If you wish to know how the motet evolved after this, simply leaf through the Bach family albums. Not immediately to Johann Sebastian, but first a step back in the family tree, to the man whom he will later call his 'Profound Uncle': Johann Christoph. The latter's Fürchte dich nicht is a lesser known gem. The music is simple, but expressive. The text comforting, but unsentimental. It's as if this Johann Bach is aware of the limits of the form – no grandiose architecture here, but a subtle outline of a bible verse. And yet it is precisely these modest works that will later make such a deep impression on the young Johann Sebastian.

He resolutely makes the motet form his own. In Komm, Jesu, komm you can hear everything that makes Bach Bach: the polyphonic craftsmanship, the spiritual profundity, the theological symbolism. The text – unusual in the extreme in that it is not a psalm but a stanza from a poem by Paul Thymich – muses about death as deliverance. Bach is not writing a lamentation but a comforting farewell. The structure is clear: a free opening passage, almost like a personal sigh, followed by a second fugal part, culminating in a minuet on the words 'Du bist der rechte Weg', which is almost an invitation to dance. With this versatility Bach demonstrates that the motet can be more than just an ecclesiastical snack.

“(The motet) lends itself to introspection, silence, but also to subtle grandeur. No wonder it keeps surfacing whenever composers really have something to say.”
- jasper croonen

The Motet Across Generations

After Bach, for a long time it goes quiet. The motet tradition loses ground to greater vocal forms, to the opera, to the choral symphony. In the Romantic movement, songs are also less spiritual, seeking more inspiration from secular poetry. Until Felix Mendelssohn picks up the genre in the 19th century again. Although he did not have a particularly religious upbringing, Mendelssohn threw himself with heart and soul into the Protestant musical tradition, and he sets Psalm 2 to music in Warum toben die Heiden.

'Why do the heathen rage, and the people imagine a vain thing? The kings of the earth set themselves, and the rulers take counsel together, against the Lord, and against his anointed, saying, Let us break their bands asunder, and cast away their cords from us.'

In Mendelssohn that threatening text is reflected in the tense polyphony, sharp rhythms and tight imitations. And yet there is no trace of baroque bombast here. Everything remains clear, balanced, classical. The motet is not being reinvented here, but it is being taken seriously once more.

Fast forward one generation and it is Johannes Brahms who reaches for the motet, though he does it very much in his own style. In his Fest- und Gedenksprüche he writes music to three texts from the Old and New Testament. The composer wrote the jubilant work as a result of his recognition as an honorary citizen of his home town Hamburg. As a result the music exudes a certain majestic power. But Brahms would not be Brahms if there were not a double meaning in it. Behind the monumental character there is a dose of melancholy, as if with these bible verses the composer is also trying to hold on to a world that is slowly vanishing.
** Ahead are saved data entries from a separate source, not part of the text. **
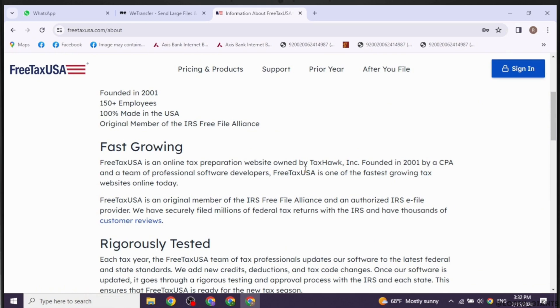Follow the instructions provided by FreeTaxUSA to electronically submit the amended return to the IRS. By following these steps, you can successfully amend your tax return using FreeTaxUSA.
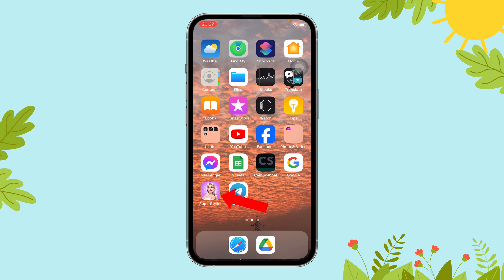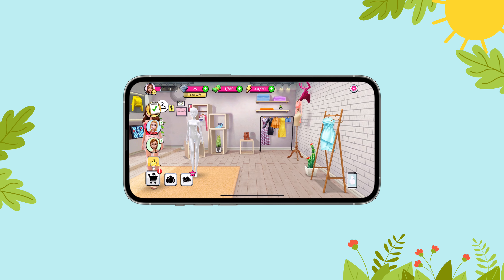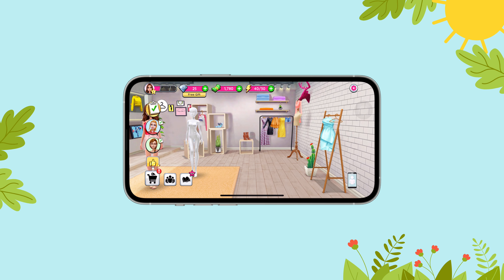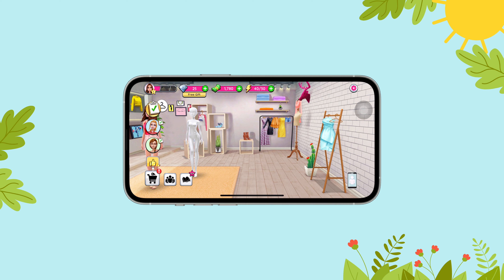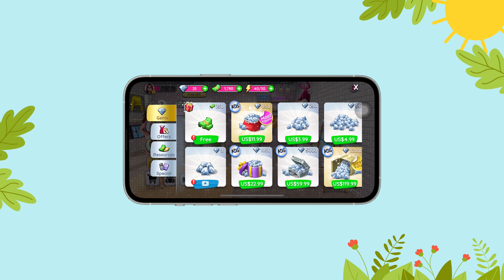First of all, open the Super Stylist app on your device. Next, you can find a little shopping cart icon on the bottom of your screen. Tap on it, and that's it. This is where you can buy different items such as game resources and more.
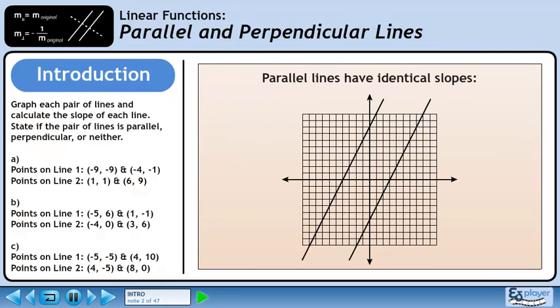Parallel lines have identical slopes. Visually, you can tell two lines are parallel because they move in the same direction and never cross.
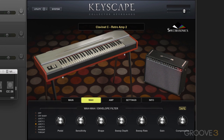Keyscape instruments sound fantastic and feel great to play, but we can gain even more performance control by using knobs and sliders on our controllers combined with the MIDI Learn function. MIDI Learn allows you to remote control Keyscape's parameters from MIDI devices. I'm using an Ovation Impulse 61 keyboard, and it's got some knobs and sliders.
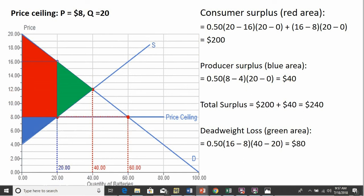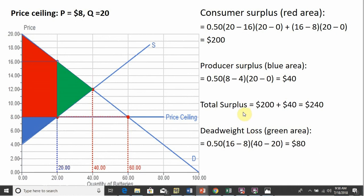Total surplus, or economic surplus, under the price ceiling is $200 plus $40, which equals $240. The deadweight loss is the green triangle with dimensions 16 minus 8 and 40 minus 20, giving a deadweight loss of $80. Notice that this also equals the reduction in total surplus: market outcome total surplus of $320 minus price ceiling total surplus of $240 equals $80.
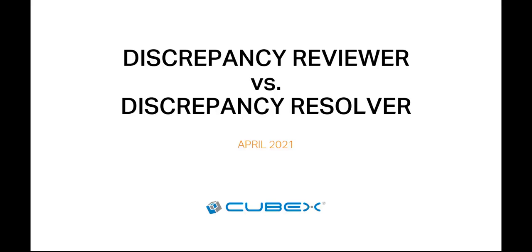This video is going to explain the difference between a discrepancy reviewer and a discrepancy resolver and how to set them up in MyQLink.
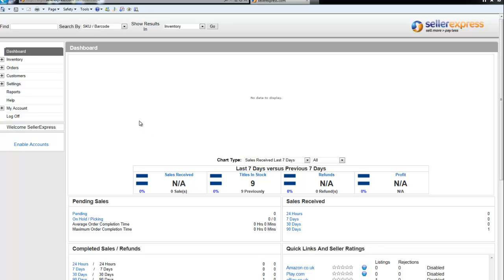If you scroll to the top left of your screen, you'll notice the Find box. You can use the Find box to find a specific product.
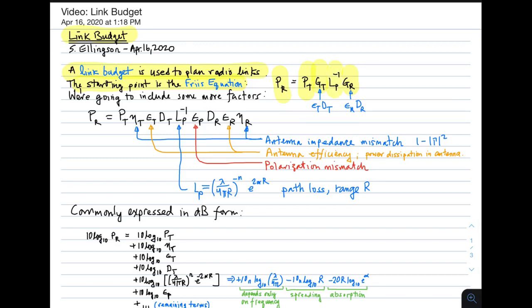Just a reminder that when we say the gain of an antenna, we're referring to the directivity of an antenna times its efficiency. So D sub t is the directivity of the transmit antenna, and Epsilon sub t is the efficiency of that transmit antenna, referring to the possibility of loss within the transmit antenna. And similarly for the receive antenna, Epsilon sub r times D sub r.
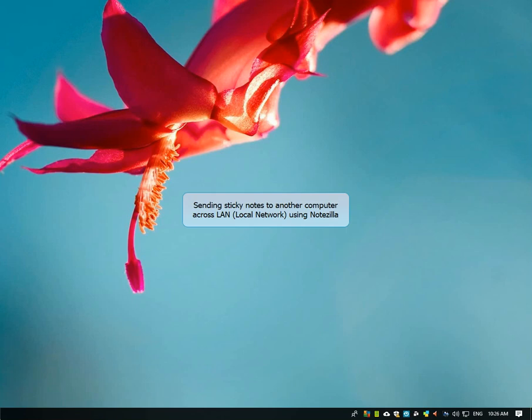Good day! Today we will see how to send sticky notes to other computers across the local network using Notezilla.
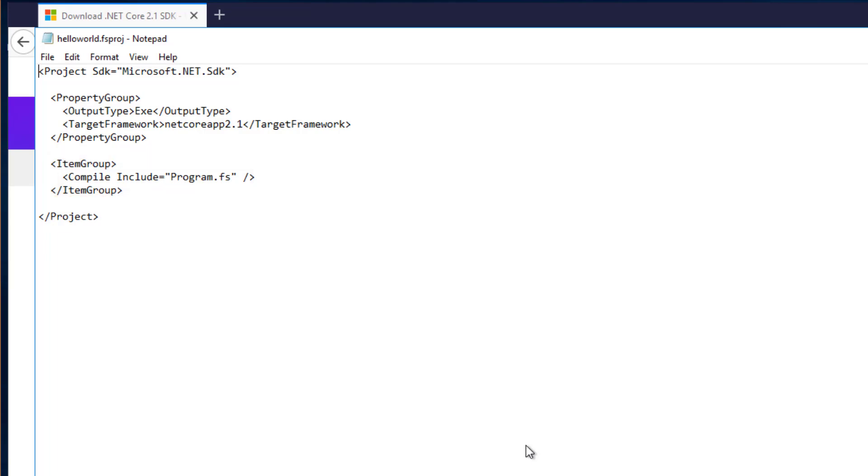Now C-sharp projects don't have this requirement but due to the nature of F-sharp you have to explicitly list every F-sharp file in the project file.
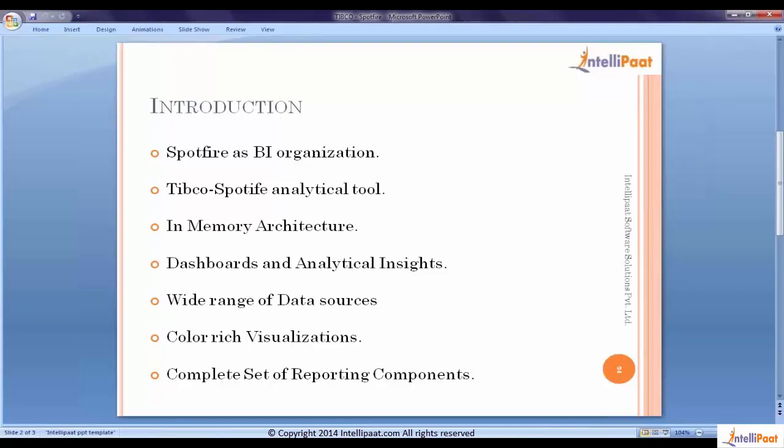Spotfire as a BI organization. We term Spotfire as a BI business intelligence tool. Out of the three verticals of business intelligence, primarily integration services, reporting services, and analytical services, Spotfire fits under reporting services.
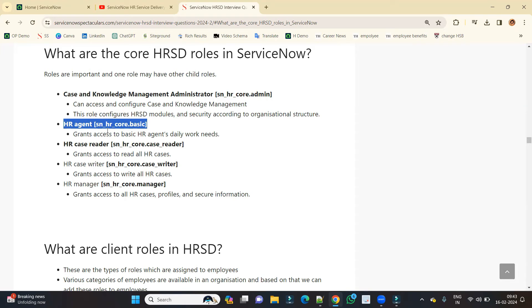Like this, there are various other agents who are working on a particular thing, on a particular subject. So for those people we have this role, and this is known as HR agent.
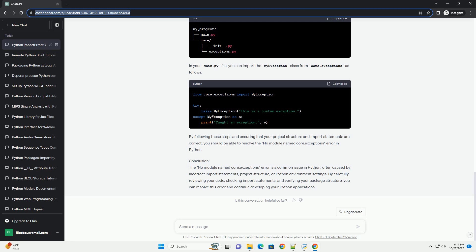Python version compatibility. Check if the module Core.Exceptions is compatible with your Python version. Incompatibility issues can lead to import errors. Some modules may not be available in all Python versions.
The Hamburg of his youth no longer exists, and maybe that's why he is also casting a musical glance over his shoulder. As if to make it clear to the listener: look what we've lost.

So, in large part, the motet remains – even today with composers like Arvo Pärt and Morten Lauridsen – a timeless form in which composers try to sum up life with all its challenges. It is no coincidence that so many motets have the theme of death, solace and salvation. The form lends itself to introspection, silence, but also to subtle grandeur. No wonder it keeps surfacing whenever composers really have something to say.